MUNAS RAPI 2010

MUNAS RAPI 2010

Sabtu, 29 Januari 2011

The HO Collinear, a Horizontal Omni



Figure 1
This paper describes a high gain, multi-element horizontal omni with a single 50 ohm feedpoint with instructions for building a 4 element array for 2 meters.
There are several ways to make a horizontal omni [1,2,3,4,5].  One popular type is the HO which is a half wave dipole folded into a square or a circle [6,7].  The impedance of this antenna is not 50 ohms and requires a matching section.  If more gain is desired, then two or more elements can be stacked collinearly, with each element fed separately through power dividers.
A simpler way to combine elements is to connect the loops together by adding vertical extensions to the ends of each loop.  The lengths of the loops and vertical wires are adjusted for maximum horizontal gain consistent with a 50 ohm feedpoint in the center of the bottom loop using an antenna modeling program.  Since I decided to use 3/8 inch diameter soft copper tubing for the horizontal loops and # 18 wire for the vertical wires, I used mininec because nec cannot be used for antennas made of two wires of very different diameter [8,9].  It is possible to build this antenna with only one diameter wire, in which case nec can be used [10].
A test antenna was made for 144.5 MHz consisting of four horizontal loops made of 3/8 inch diameter soft copper tubing and two #18 (0.040 inch diameter) vertical wires.  A loop drawing is shown in Figure 2.  For the top and bottom loops, L = 31 7/16 and S = 1 5/8.  For the middle loops, L = 28 5/16 and S = 1½.  Cut the copper tubing to the lengths shown and bend them to approximate a circle with a gap Text Box: Figure 2as shown.  All dimensions are in inches.
Then support the elements in some way.  I used a piece of ¾ inch schedule 40 pvc pipe.  The spacing between the elements (and the length of the vertical wires) should be 20 7/8 inches.  Figure 3 shows how the vertical wires and the loops are connected together.  This figure is drawn from the point of view off axis from the top of the antenna.  The antenna is fed in the center of the bottom loop.  As with other off center fed antennas, the feed point is not balanced, so a current balun is required.  See my Quadix page [11] for balun references.
Figure 1 shows the assembled antenna on the roof.  No patterns were taken, but the SWR (Figure 4) agreed with the simulated SWR (except for a 1% frequency offset error) which gives confidence that the antenna is working properly.

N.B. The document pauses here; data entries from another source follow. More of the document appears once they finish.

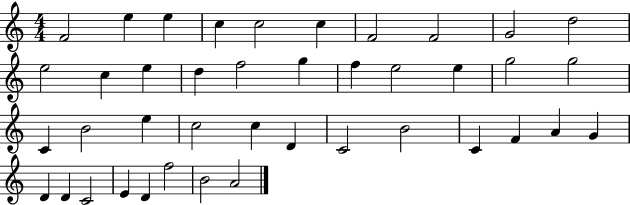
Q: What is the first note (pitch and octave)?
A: F4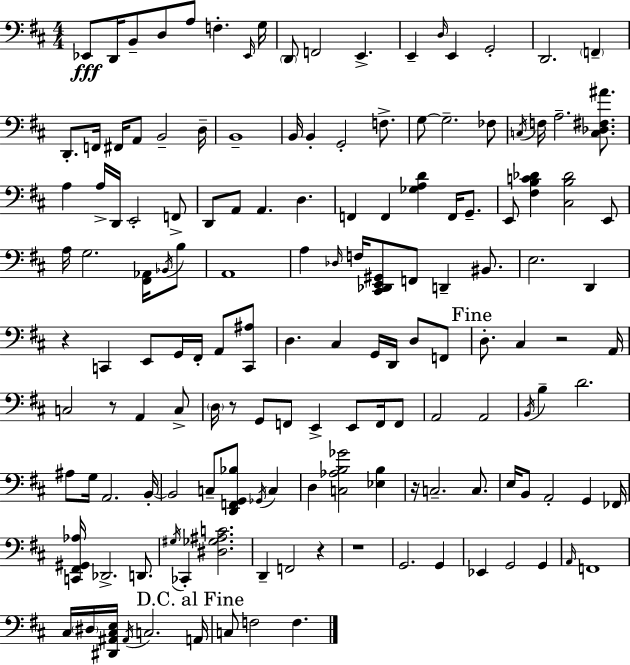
Eb2/e D2/s B2/e D3/e A3/e F3/q. Eb2/s G3/s D2/e F2/h E2/q. E2/q D3/s E2/q G2/h D2/h. F2/q D2/e. F2/s F#2/s A2/e B2/h D3/s B2/w B2/s B2/q G2/h F3/e. G3/e G3/h. FES3/e C3/s F3/s A3/h. [C3,Db3,F#3,A#4]/e. A3/q A3/s D2/s E2/h F2/e D2/e A2/e A2/q. D3/q. F2/q F2/q [Gb3,A3,D4]/q F2/s G2/e. E2/e [F#3,B3,C4,Db4]/q [C#3,B3,Db4]/h E2/e A3/s G3/h. [F#2,Ab2]/s Bb2/s B3/e A2/w A3/q Db3/s F3/s [C#2,Db2,E2,G#2]/e F2/e D2/q BIS2/e. E3/h. D2/q R/q C2/q E2/e G2/s F#2/s A2/e [C2,A#3]/e D3/q. C#3/q G2/s D2/s D3/e F2/e D3/e. C#3/q R/h A2/s C3/h R/e A2/q C3/e D3/s R/e G2/e F2/e E2/q E2/e F2/s F2/e A2/h A2/h B2/s B3/q D4/h. A#3/e G3/s A2/h. B2/s B2/h C3/e [D2,F2,G2,Bb3]/e Gb2/s C3/q D3/q [C3,Ab3,B3,Gb4]/h [Eb3,B3]/q R/s C3/h. C3/e. E3/s B2/e A2/h G2/q FES2/s [C2,F#2,G#2,Ab3]/s Db2/h. D2/e. G#3/s CES2/q [D#3,Gb3,A#3,C4]/h. D2/q F2/h R/q R/w G2/h. G2/q Eb2/q G2/h G2/q A2/s F2/w C#3/s D#3/s [D#2,A#2,C#3,E3]/s A#2/s C3/h. A2/s C3/e F3/h F3/q.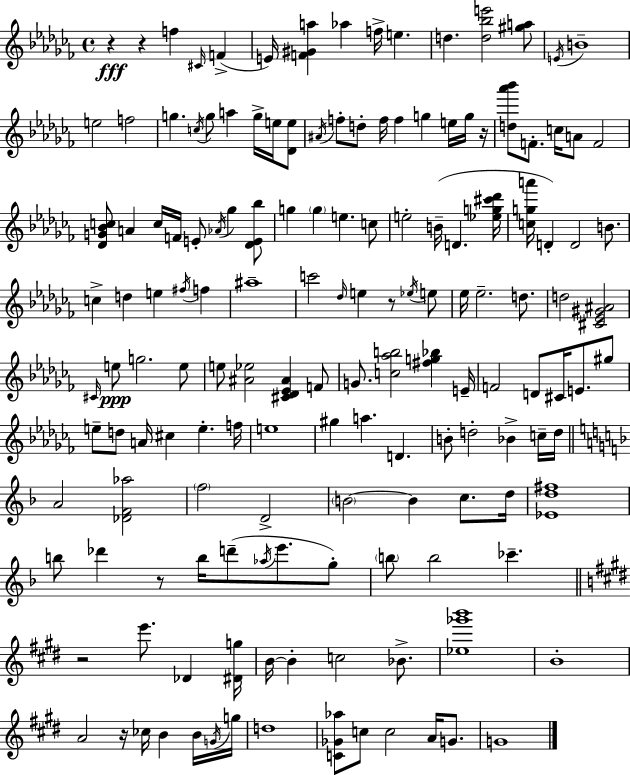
X:1
T:Untitled
M:4/4
L:1/4
K:Abm
z z f ^C/4 F E/4 [F^Ga] _a f/4 e d [d_be']2 [^ga]/2 E/4 B4 e2 f2 g c/4 g/2 a g/4 e/4 [_De]/2 ^A/4 f/2 d/2 f/4 f g e/4 g/4 z/4 [d_a'_b']/2 F/2 c/4 A/2 F2 [_DG_Bc]/2 A c/4 F/4 E/2 _A/4 _g [_DE_b]/2 g g e c/2 e2 B/4 D [_eg^c'_d']/4 [cga']/4 D D2 B/2 c d e ^f/4 f ^a4 c'2 _d/4 e z/2 _e/4 e/2 _e/4 _e2 d/2 d2 [^C_E^G^A]2 ^C/4 e/2 g2 e/2 e/2 [^A_e]2 [^C_D_E^A] F/2 G/2 [c_ab]2 [^fg_b] E/4 F2 D/2 ^C/4 E/2 ^g/2 e/2 d/2 A/4 ^c e f/4 e4 ^g a D B/2 d2 _B c/4 d/4 A2 [_DF_a]2 f2 D2 B2 B c/2 d/4 [_Ed^f]4 b/2 _d' z/2 b/4 d'/2 _a/4 e'/2 g/2 b/2 b2 _c' z2 e'/2 _D [^Dg]/4 B/4 B c2 _B/2 [_e_g'b']4 B4 A2 z/4 _c/4 B B/4 G/4 g/4 d4 [C_G_a]/2 c/2 c2 A/4 G/2 G4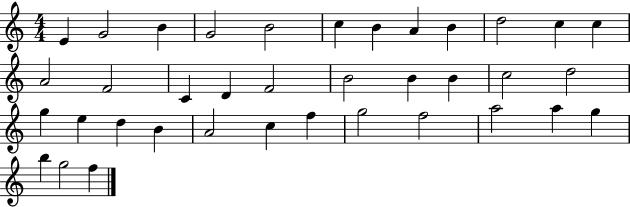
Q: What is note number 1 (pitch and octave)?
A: E4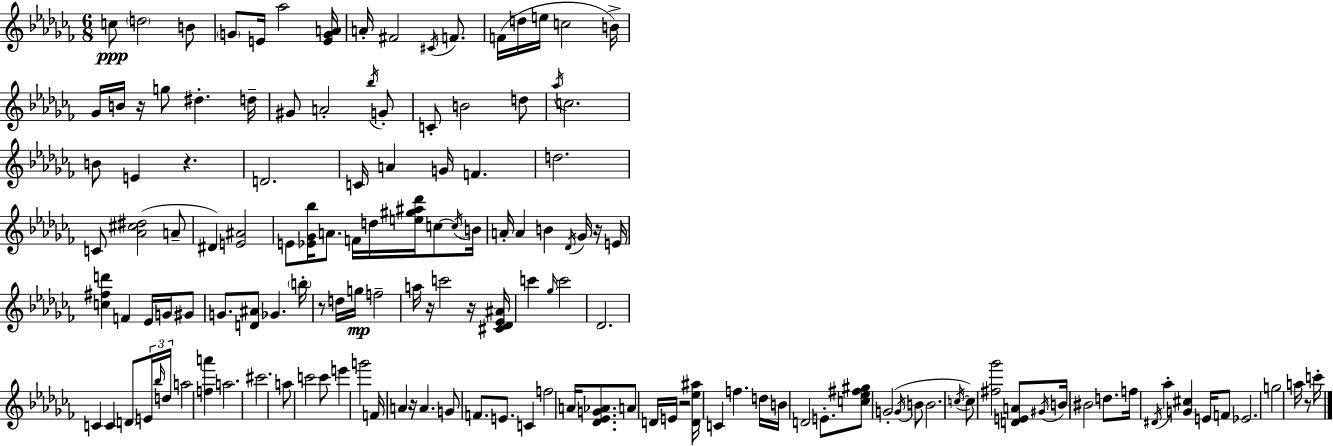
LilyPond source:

{
  \clef treble
  \numericTimeSignature
  \time 6/8
  \key aes \minor
  \repeat volta 2 { c''8\ppp \parenthesize d''2 b'8 | \parenthesize g'8 e'16 aes''2 <e' g' a'>16 | a'16-. fis'2 \acciaccatura { cis'16 } f'8. | f'16( d''16 e''16 c''2 | \break b'16->) ges'16 b'16 r16 g''8 dis''4.-. | d''16-- gis'8 a'2-. \acciaccatura { bes''16 } | g'8-. c'8-. b'2 | d''8 \acciaccatura { aes''16 } c''2. | \break b'8 e'4 r4. | d'2. | c'16 a'4 g'16 f'4. | d''2. | \break c'8 <aes' cis'' dis''>2( | a'8-- dis'4) <e' ais'>2 | e'8 <ees' ges' bes''>16 a'8. f'16 d''16 <e'' gis'' ais'' des'''>16 | c''8~~ \acciaccatura { c''16 } b'16 a'16-. a'4 b'4 | \break \acciaccatura { des'16 } ges'16 r16 e'16 <c'' fis'' d'''>4 f'4 | ees'16 g'16 gis'8 g'8. <d' ais'>8 ges'4. | \parenthesize b''16-. r8 d''16 g''16\mp f''2-- | a''16 r16 c'''2 | \break r16 <cis' des' ees' ais'>16 c'''4 \grace { ges''16 } c'''2 | des'2. | c'4 c'4 | \parenthesize d'8 \tuplet 3/2 { e'16 \grace { bes''16 } d''16 } a''2 | \break <f'' a'''>4 a''2. | cis'''2. | a''8 c'''2 | c'''8 e'''4 g'''2 | \break f'16 a'4 | r16 a'4. g'8 f'8. | e'8. c'4 f''2 | a'16 <des' ees' g' aes'>8. a'8 d'16 e'16 r2 | \break <d' ees'' ais''>16 c'4 | f''4. d''16 b'16 d'2 | e'8.-. <c'' ees'' fis'' gis''>8 g'2-.( | \acciaccatura { g'16 } b'8 b'2. | \break \acciaccatura { c''16~ }~ c''8) <fis'' ges'''>2 | <d' e' a'>8 \acciaccatura { gis'16 } b'16 bis'2 | d''8. f''16 \acciaccatura { dis'16 } | aes''4-. <g' cis''>4 e'16 f'8 ees'2. | \break g''2 | a''16 r8 c'''16-. } \bar "|."
}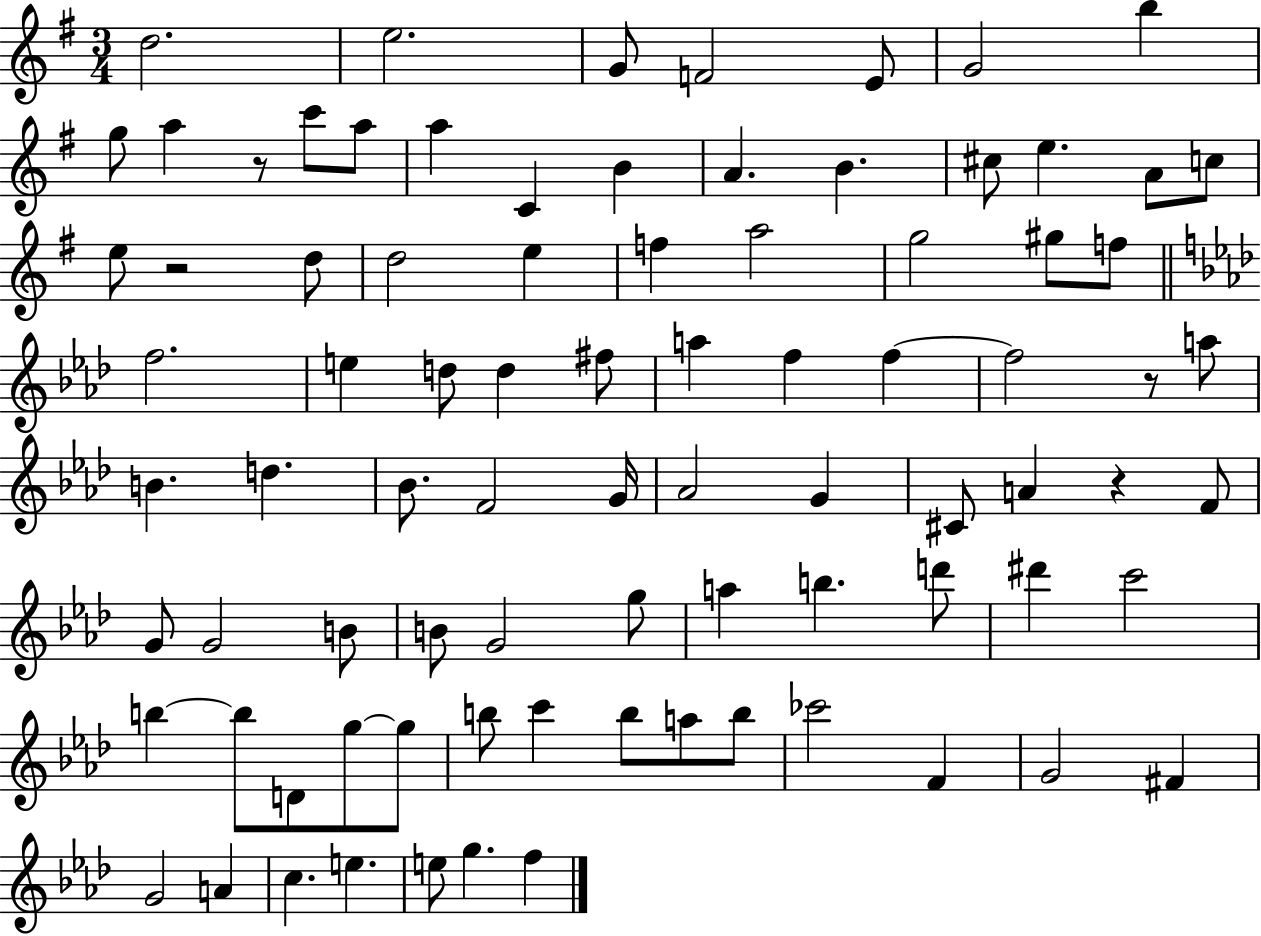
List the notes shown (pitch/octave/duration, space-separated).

D5/h. E5/h. G4/e F4/h E4/e G4/h B5/q G5/e A5/q R/e C6/e A5/e A5/q C4/q B4/q A4/q. B4/q. C#5/e E5/q. A4/e C5/e E5/e R/h D5/e D5/h E5/q F5/q A5/h G5/h G#5/e F5/e F5/h. E5/q D5/e D5/q F#5/e A5/q F5/q F5/q F5/h R/e A5/e B4/q. D5/q. Bb4/e. F4/h G4/s Ab4/h G4/q C#4/e A4/q R/q F4/e G4/e G4/h B4/e B4/e G4/h G5/e A5/q B5/q. D6/e D#6/q C6/h B5/q B5/e D4/e G5/e G5/e B5/e C6/q B5/e A5/e B5/e CES6/h F4/q G4/h F#4/q G4/h A4/q C5/q. E5/q. E5/e G5/q. F5/q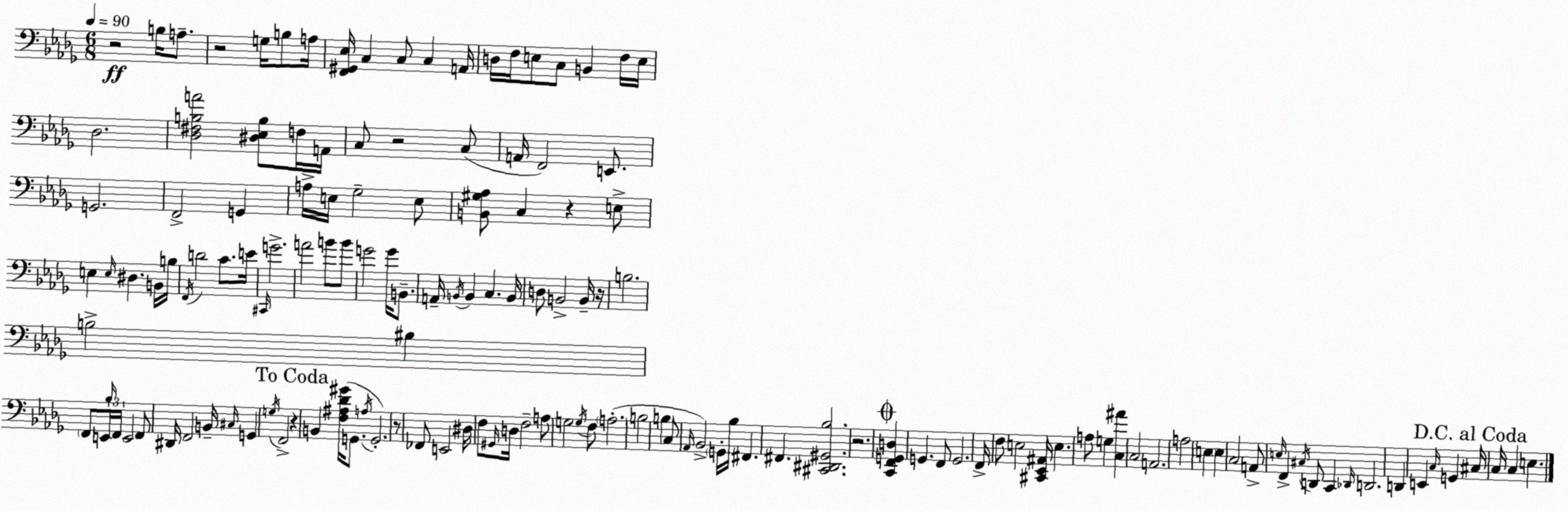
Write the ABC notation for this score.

X:1
T:Untitled
M:6/8
L:1/4
K:Bbm
z2 B,/4 A,/2 z2 G,/4 B,/2 A,/4 [F,,^G,,_E,]/4 C, C,/2 C, A,,/4 D,/4 F,/4 E,/2 C,/2 B,, F,/4 E,/4 _D,2 [_D,^F,B,A]2 [^D,_E,B,]/2 F,/4 A,,/4 C,/2 z2 C,/2 A,,/4 F,,2 E,,/2 G,,2 F,,2 G,, A,/4 E,/4 _G,2 E,/2 [B,,^G,_A,]/2 C, z E,/2 E, E,/4 ^D, B,,/4 B,/4 F,,/4 D2 C/2 E/4 ^C,,/4 G2 A2 B/2 B/2 G2 G/4 B,,/2 A,,/4 B,,/4 B,, C, B,,/4 D,/2 B,,2 B,,/4 z/4 B,2 B,2 ^B, F,,/2 E,,/4 _B,/4 F,,/4 E,,2 F,,/2 ^D,,/4 F,,2 B,,/4 ^C,/4 G,, G,/4 F,,2 z B,, [F,^A,_D^G]/4 G,,/2 A,/4 G,,2 z/2 _F,,/2 E,,2 ^D,/4 F,/2 ^G,,/4 D,/4 F,2 A,/2 G,2 G,/4 F,/2 A,2 B,2 B, C,/2 _A,,/4 _B,,2 G,,/4 _B,/4 ^F,, ^F,, [^C,,^D,,^G,,_B,]2 z2 [C,,F,,G,,D,] G,, F,,/2 G,,2 F,,/4 F,/2 E,2 [^C,,_E,,^A,,]/4 E, A,/2 G, [C,^A] C,2 A,,2 A,2 E, E, C,2 A,,/2 E,/4 F,, ^C,/4 D,,/2 C,, _D,,/4 D,,2 D,, E,, C,/4 G,, ^C,/4 C,/4 C, E,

The simulated gain is 3.27+/-1.22 dBi.


                                                                                                                                                  Figure 4
Figure 3
Adding more elements will improve the gain.  If you decide to change the design using different diameters, more elements, or a different frequency, you should resimulate using mininec.  Mininec typically has frequency offset errors, so the final design may have to be tweaked a bit.  I increased the vertical wire lengths from 20 to 20 7/8 inches from my original simulation (keeping the loop lengths the same).  The frequency can also be adjusted by varying the gap at the end of the loops.  Closing the gap lowers the resonant frequency (and also the impedance).  Increasing the gap increases the gain variation (i.e., makes it less omni).  If you decide to use the same diameter for the vertical and horizontal elements, then nec can be used, but it may not be possible to get to 50 ohms. 
One further comment:  The spacing between the loops is smaller than is usually used in collinear arrays.  This is because the electrical length between the centers of each loop is a half wavelength.  The radiation from the loops is kept in phase by reversing the wire direction between adjacent loops (See Figure 3).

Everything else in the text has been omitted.